Note that in our case, we then have \(\mathcal{L}(u_{\mu}, \mu, p_{\mu}) = J(u, \mu)\) because the residual term \(r_\mu^{\text{pr}}(u_{\mu}, p_{\mu})\) vanishes since \(u_{\mu}\) solves (P.b) and \(p_{\mu}\) is in the test space \(V\). By using the solution of the dual problem, we can then derive the gradient of the objective functional by

\[\begin{split}\begin{align} d_{\mu_i} \mathcal{J}(\mu) &= \partial_{\mu_i} J(u_{\mu}, \mu) + \partial_u J(u_{\mu}, \mu)[d_{\mu_i} u_{\mu}] \\ &= \partial_{\mu_i} J(u_{\mu}, \mu) + a_\mu(d_{\mu_i} u_{\mu}, p_\mu) \\ &= \partial_{\mu_i} J(u_{\mu}, \mu) + \partial_{\mu_i} r_\mu^{\text{pr}}(d_{\mu_i} u_{\mu})[p_\mu] \end{align}\end{split}\]

We conclude that we only need to solve for \(u_{\mu}\) and \(p_{\mu}\) if we want to compute the gradient with the adjoint approach. For more information on this approach we refer to Section 1.6.2 in [HPUU09].

We now intend to use the gradient to speed up the optimization methods from above. All technical requirements are already available in pyMOR.

Optimizing using a gradient in FOM

We can easily include a function to compute the gradient to minimize. Since we use a linear operator and a linear objective functional, the use_adjoint argument is automatically enabled. Note that using the (more general) implementation use_adjoint=False results in the exact same gradient but lacks computational speed. Moreover, the function output_d_mu returns a dict w.r.t. the parameters as default. In order to use the output for minimize we thus use the return_array=True argument.

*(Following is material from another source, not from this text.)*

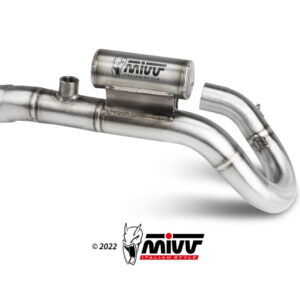 Mivv Colector St. Steel Honda CRF 250 2022-24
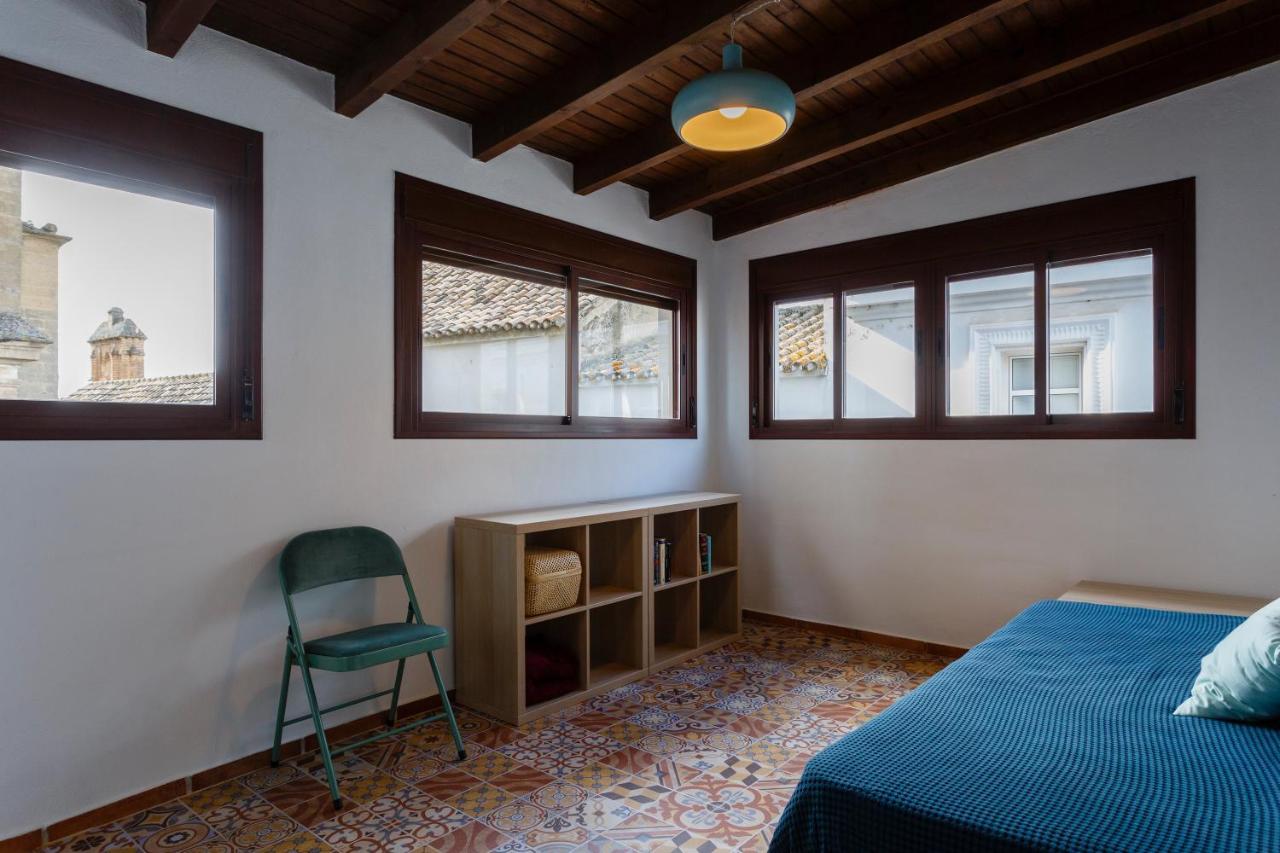 Casa Con Encanto En El Corazon Del Casco Antiguo 아르코스델라프론테라 외부 사진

def fom_gradient_of_functional(mu):
    return fom.output_d_mu(fom.parameters.parse(mu), return_array=True, use_adjoint=True)

opt_fom_minimization_data = {'num_evals': 0,
                             'evaluations' : [],
                             'evaluation_points': [],
                             'time': np.inf}
tic = perf_counter()
opt_fom_result = minimize(partial(record_results, fom_objective_functional, opt_fom_minimization_data),
                          initial_guess,
                          method='L-BFGS-B',
                          jac=fom_gradient_of_functional,
                          bounds=(ranges, ranges),
                          options={'ftol': 1e-15, 'gtol': 5e-5})
opt_fom_minimization_data['time'] = perf_counter()-tic

# update the reference_mu because this is more accurate!
reference_mu = opt_fom_result.x
report(opt_fom_result, opt_fom_minimization_data)

 succeeded!
  mu_min:    {diffusion: [1.4246556963614532, 3.141592653589793]}
  J(mu_min): 2.391707876213191
  num iterations:     7
  num function calls: 9
  time:               2.25898 seconds

With respect to the FOM result with finite differences, we see that we have a massive speed up by computing the gradient information properly.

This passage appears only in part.